> [TRY IT]:
Retype the following data exactly, but leave its pictures out.
--- START ---
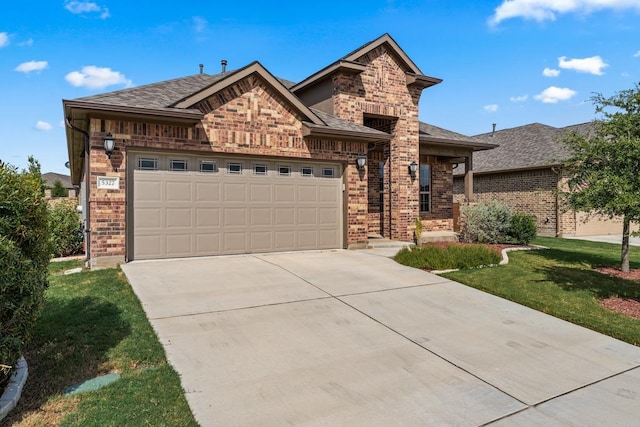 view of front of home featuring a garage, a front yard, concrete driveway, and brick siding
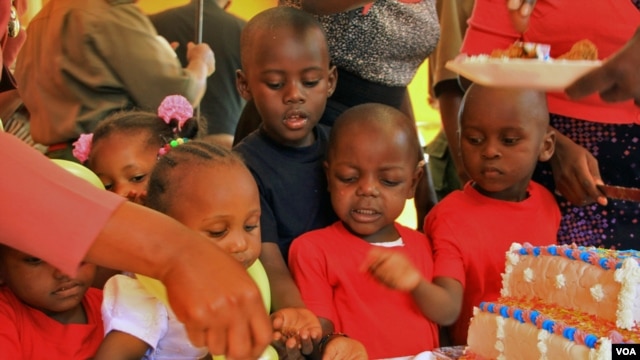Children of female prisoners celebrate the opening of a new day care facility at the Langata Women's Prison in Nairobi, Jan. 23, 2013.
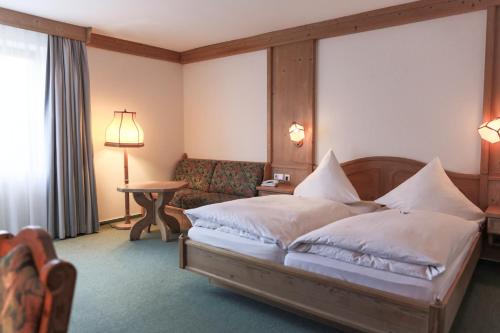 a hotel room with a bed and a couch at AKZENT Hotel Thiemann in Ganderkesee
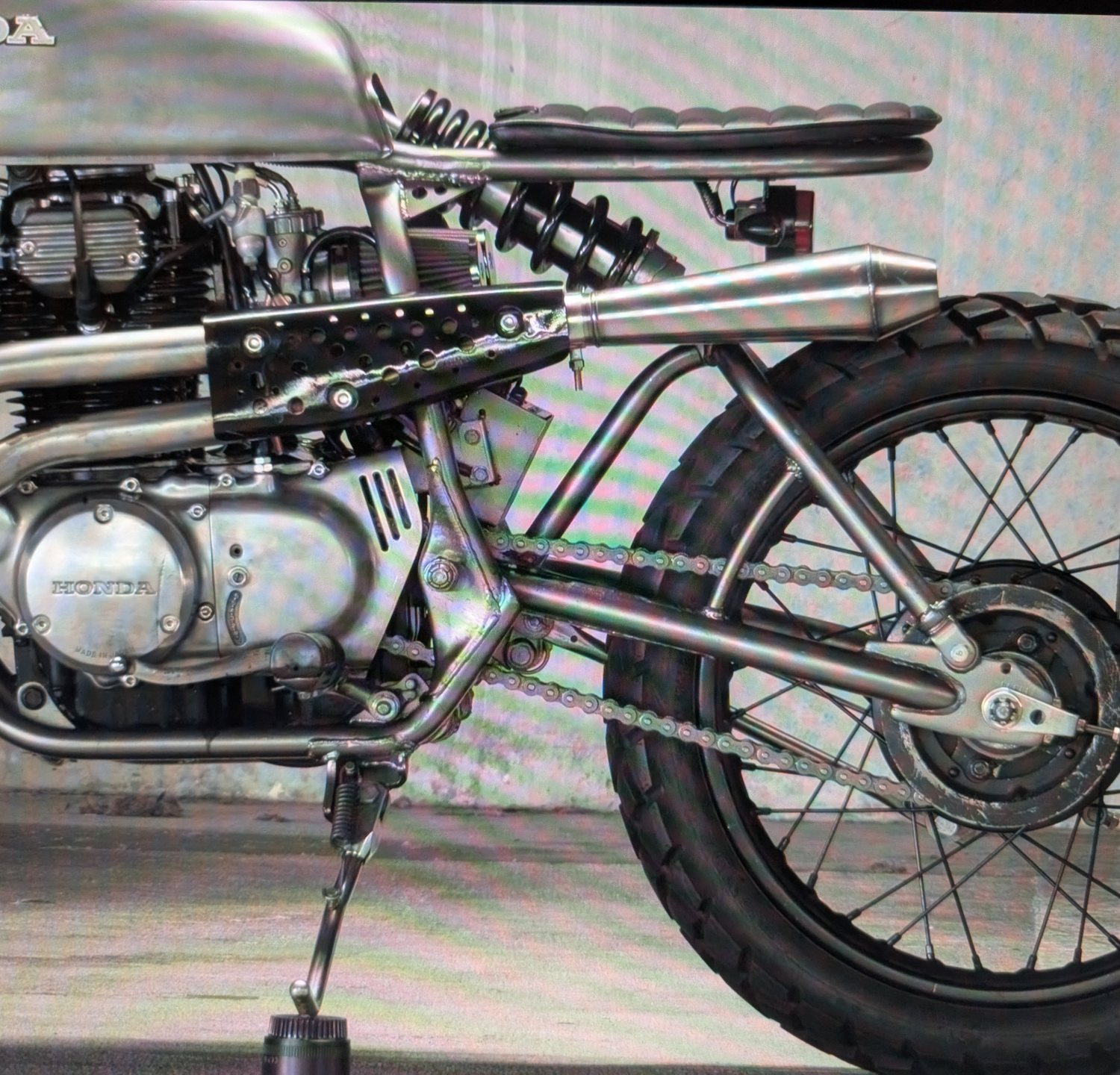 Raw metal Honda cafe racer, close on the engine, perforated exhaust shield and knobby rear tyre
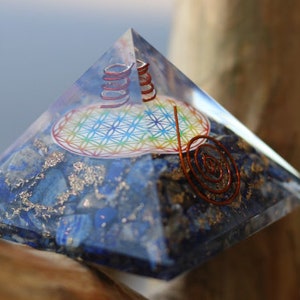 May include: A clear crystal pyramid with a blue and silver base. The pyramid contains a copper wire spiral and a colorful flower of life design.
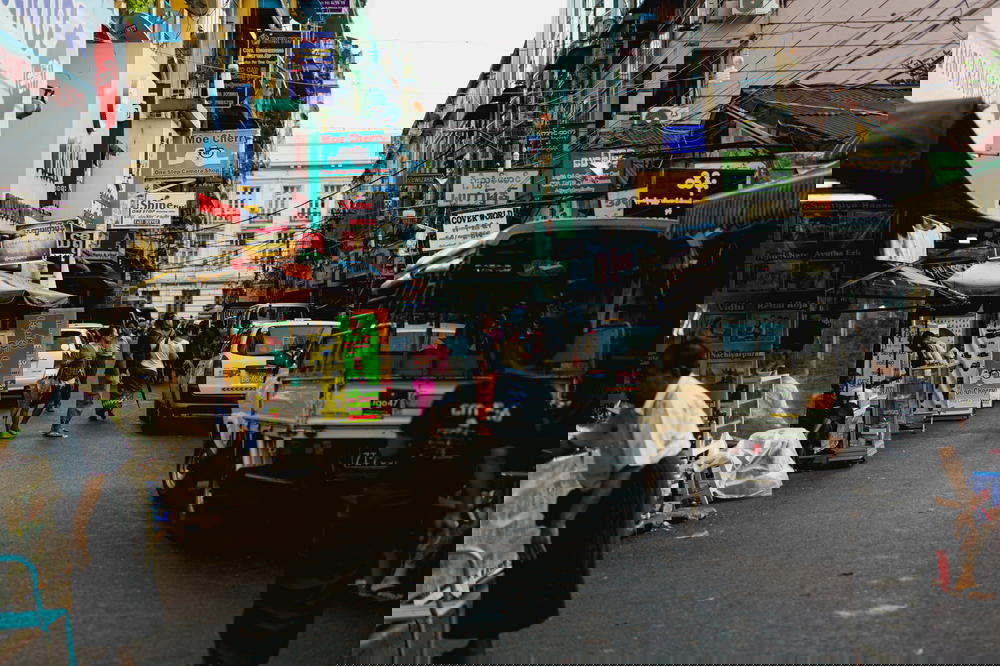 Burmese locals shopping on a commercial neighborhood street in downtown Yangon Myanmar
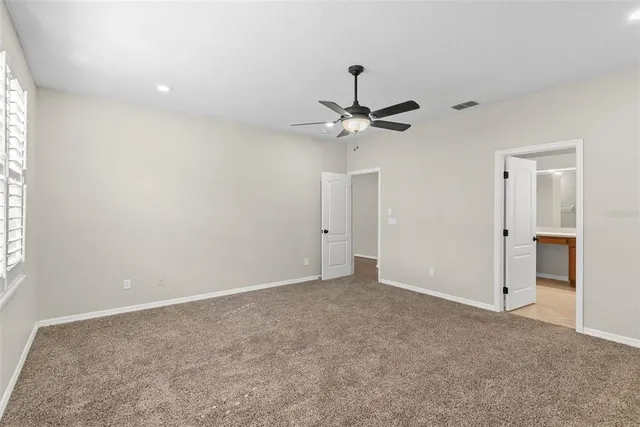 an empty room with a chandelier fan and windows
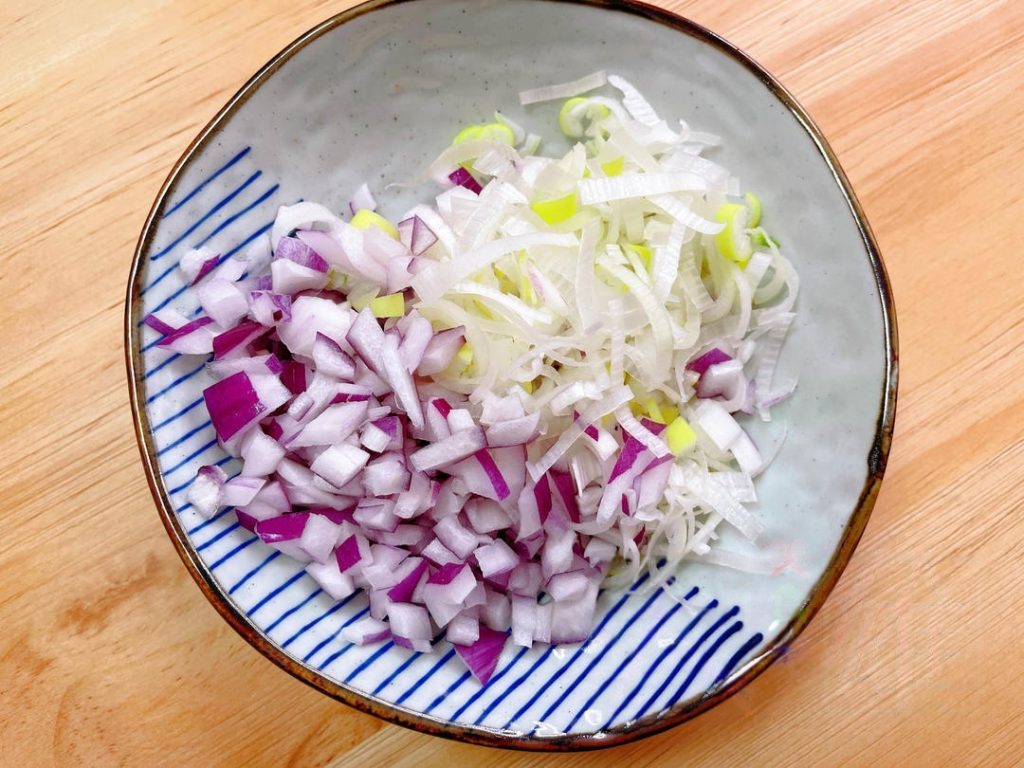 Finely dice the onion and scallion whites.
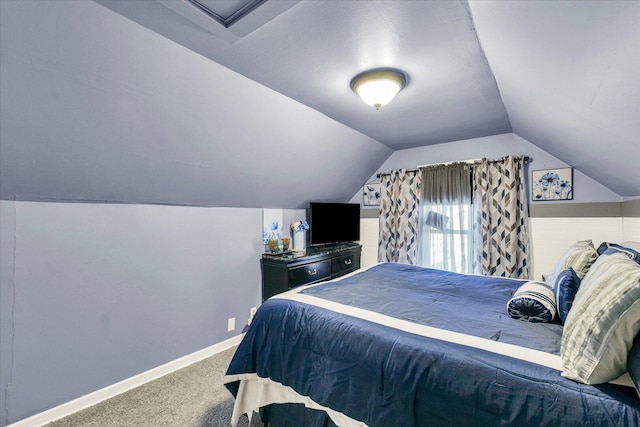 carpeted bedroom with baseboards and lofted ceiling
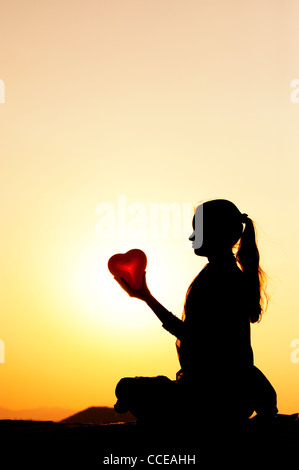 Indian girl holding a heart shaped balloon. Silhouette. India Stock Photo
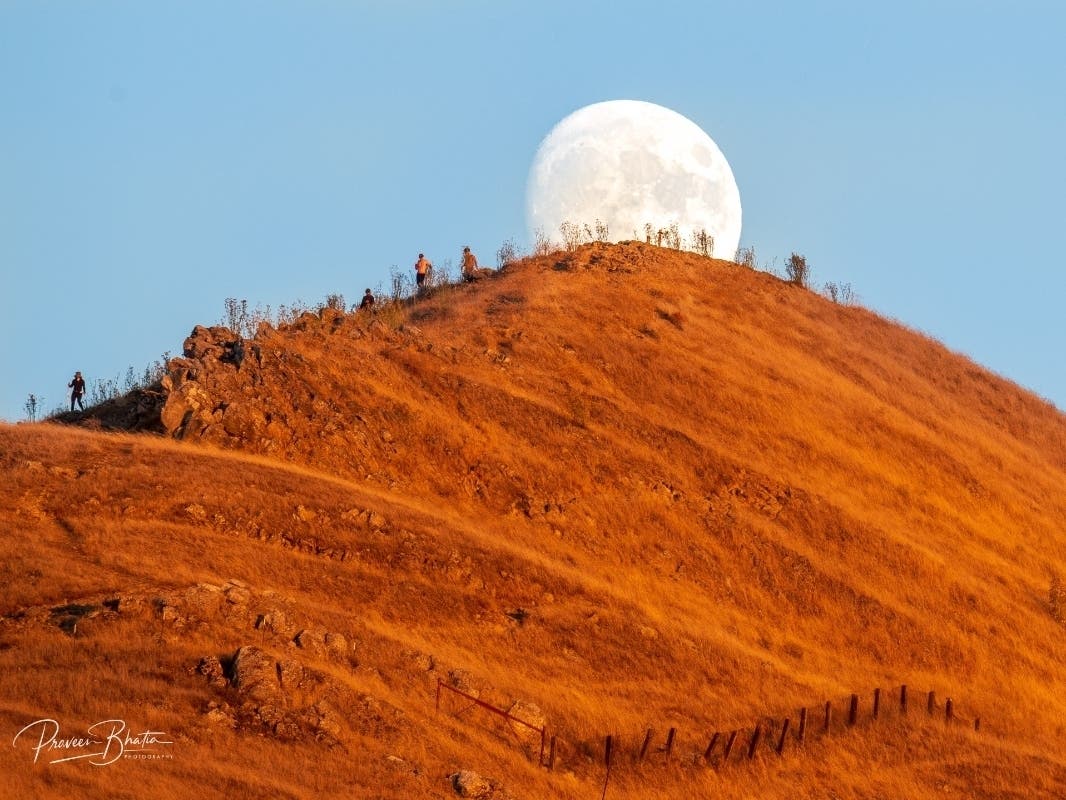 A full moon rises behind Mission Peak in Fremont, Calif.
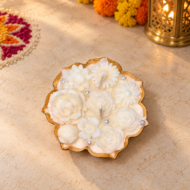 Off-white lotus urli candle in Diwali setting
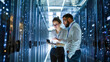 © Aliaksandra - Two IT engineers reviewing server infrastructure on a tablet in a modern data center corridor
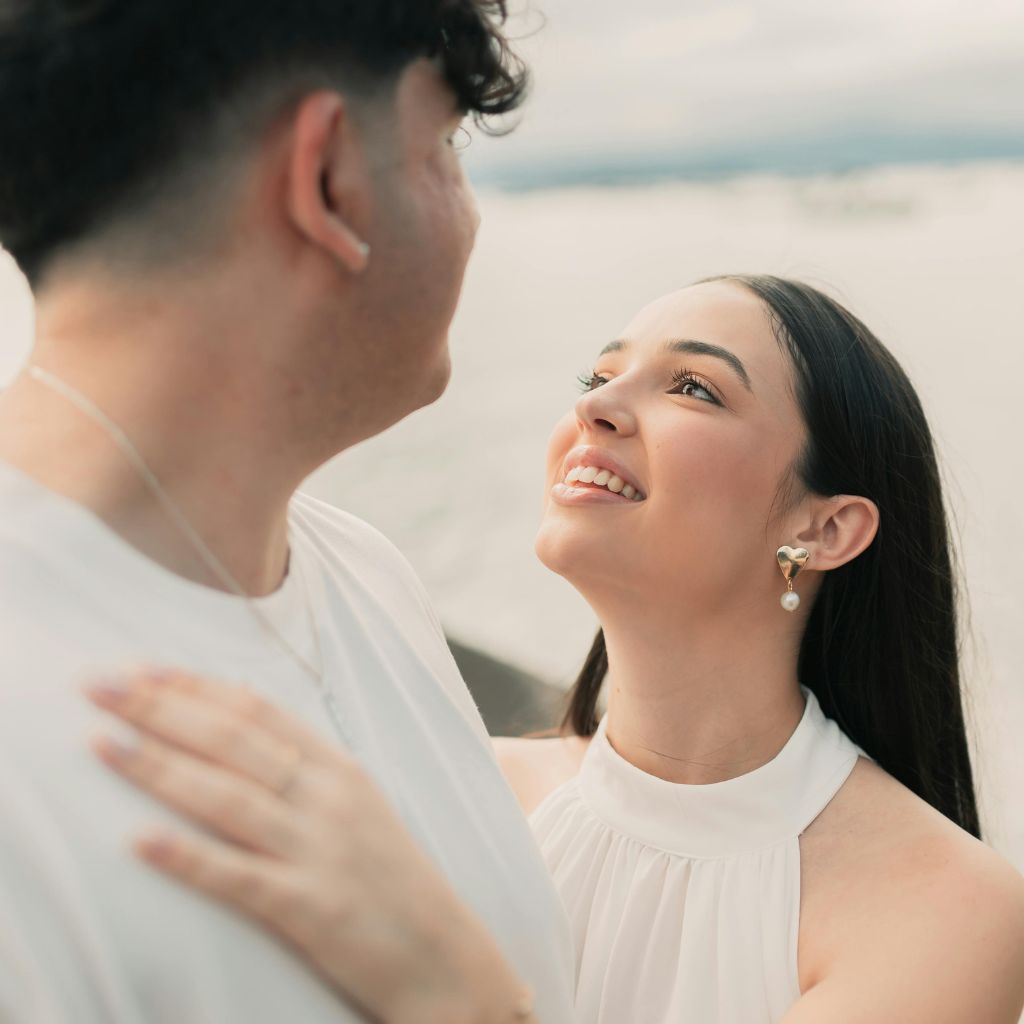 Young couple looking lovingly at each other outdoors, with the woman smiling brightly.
--- END ---
> [RESULT OF THIS TASK]:
 view of front of home featuring a garage, a front yard, concrete driveway, and brick siding
Children of female prisoners celebrate the opening of a new day care facility at the Langata Women's Prison in Nairobi, Jan. 23, 2013.
 a hotel room with a bed and a couch at AKZENT Hotel Thiemann in Ganderkesee
 Raw metal Honda cafe racer, close on the engine, perforated exhaust shield and knobby rear tyre
 May include: A clear crystal pyramid with a blue and silver base. The pyramid contains a copper wire spiral and a colorful flower of life design.
 Burmese locals shopping on a commercial neighborhood street in downtown Yangon Myanmar
 an empty room with a chandelier fan and windows
 Finely dice the onion and scallion whites.
 carpeted bedroom with baseboards and lofted ceiling
 Indian girl holding a heart shaped balloon. Silhouette. India Stock Photo
 A full moon rises behind Mission Peak in Fremont, Calif.
 Off-white lotus urli candle in Diwali setting
 © Aliaksandra - Two IT engineers reviewing server infrastructure on a tablet in a modern data center corridor
 Young couple looking lovingly at each other outdoors, with the woman smiling brightly.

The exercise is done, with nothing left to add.